### Prompt
Only one span is wanted from the lines below: from the one with "I'm John Doren" up to and including the one with "Hello everyone, welcome". Copy it exactly, without images.

### Input records
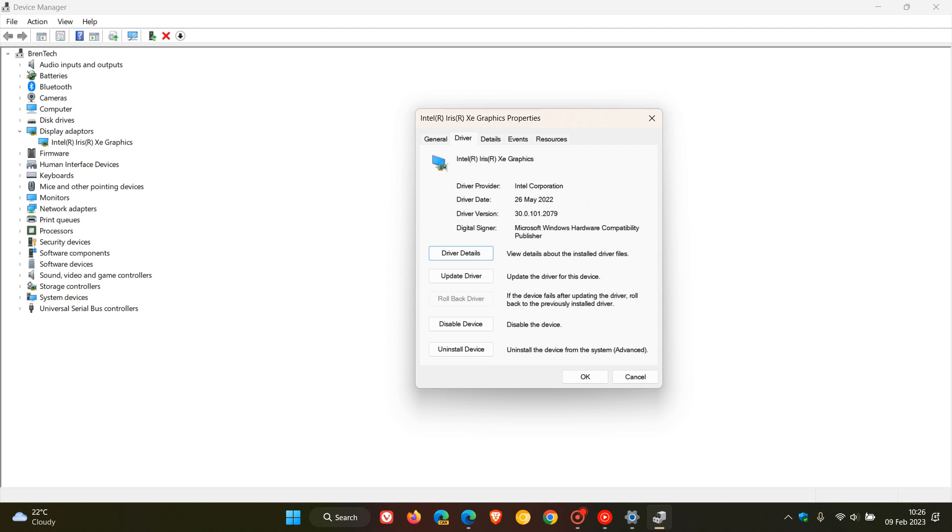Now according to Microsoft, the workaround to resolve and mitigate this issue is that you can install an Intel graphics driver with a later version than 30.0.101.1190. Now in my case I am already bumped up to 0.2079, so in this case I won't be affected by this issue.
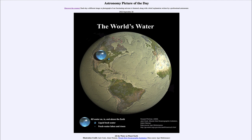That was our picture of the day for September 26th of 2022, titled 'All the Water on Planet Earth.' We'll be back again tomorrow for the next picture. Until then, have a great day everyone, and I will see you in class.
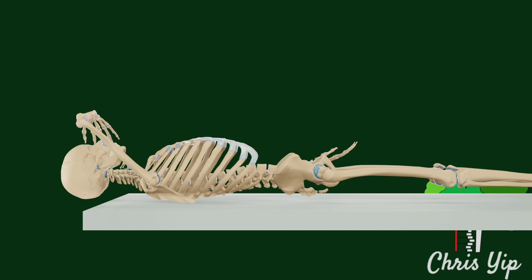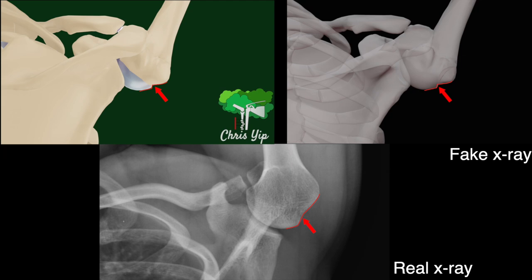The x-ray cathode is positioned 10 degrees cephalad, and the resulting image from the opposing side will show the Hill-Sachs defect as a notch in the lower lateral border of the humeral head. Other structures that can be seen include the spine of the acromion, the acromion itself, the coracoid, and the clavicle.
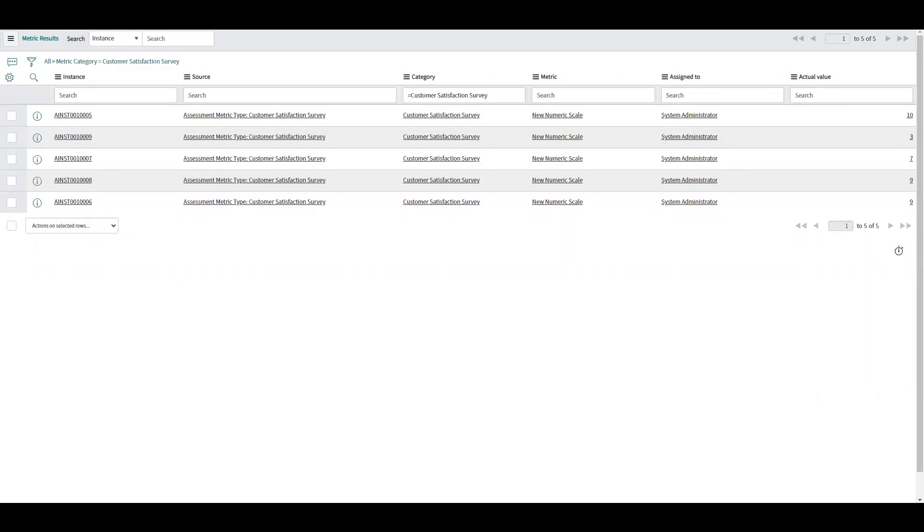I'm John Doren from Glidefast Consulting and today I'm going to show you how you can leverage performance analytics to display Net Promoter Score widgets. This will allow you to trend on your Net Promoter Score.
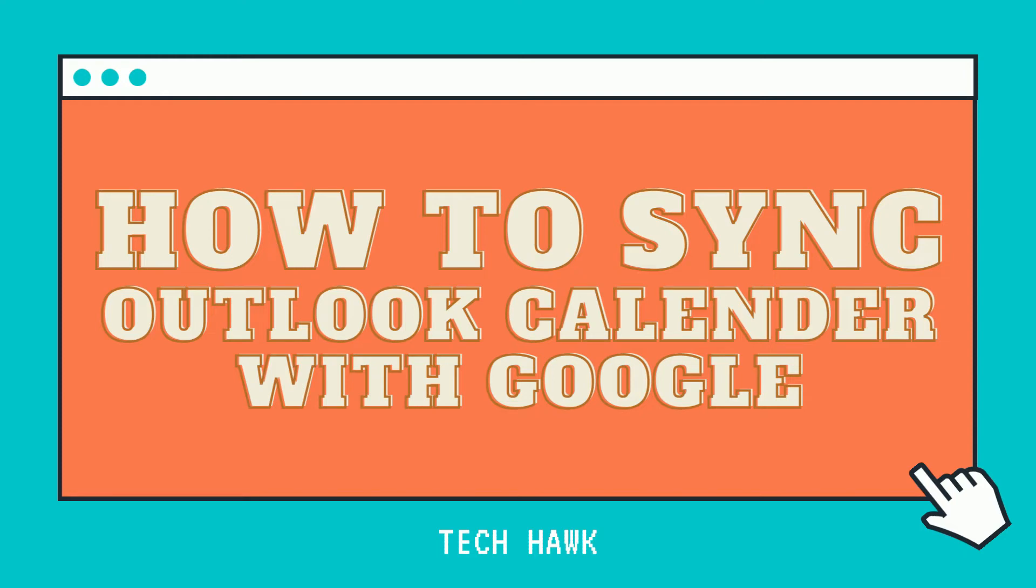Hello everyone, welcome to TechHawk. Today in this video I'm going to show you how to integrate or sync your Outlook calendars into a Google Calendar so that you can find all your meeting schedules and other activities on your Google Calendar too. Most importantly, you can also find those items in your phone's calendar too if you use Google Calendar in your Android phone.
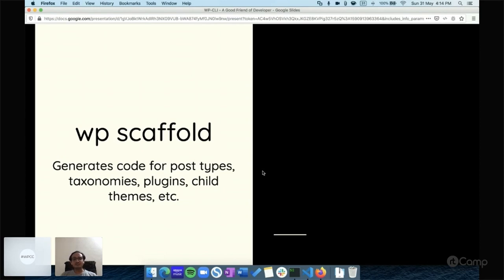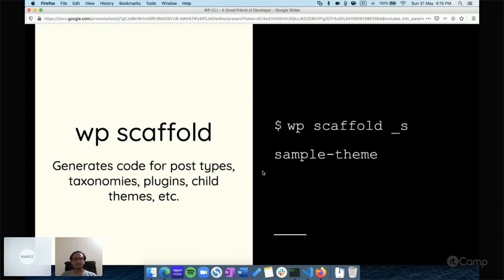Another command is `wp scaffold`. This is for generating post types, taxonomies, and themes. As a plugin and theme developer, we usually register post types and copy-paste large amounts of boilerplate code. With `wp scaffold` you can generate all of that. For example, if you want to develop a theme based on Underscores (_s), just run `wp scaffold _s sample-theme` and it will create your theme based on the Underscores framework — no need to visit the _s website at all.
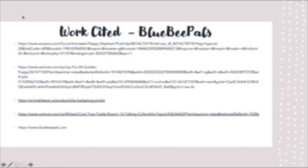Here are the works cited for the images and toys used, including sources for the Blue Bee Pals and the Nursery Rhyme Callipitor.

### Output for this task
I'm John Doren from Glidefast Consulting and today I'm going to show you how you can leverage performance analytics to display Net Promoter Score widgets. This will allow you to trend on your Net Promoter Score.
Hello everyone, welcome to TechHawk. Today in this video I'm going to show you how to integrate or sync your Outlook calendars into a Google Calendar so that you can find all your meeting schedules and other activities on your Google Calendar too. Most importantly, you can also find those items in your phone's calendar too if you use Google Calendar in your Android phone.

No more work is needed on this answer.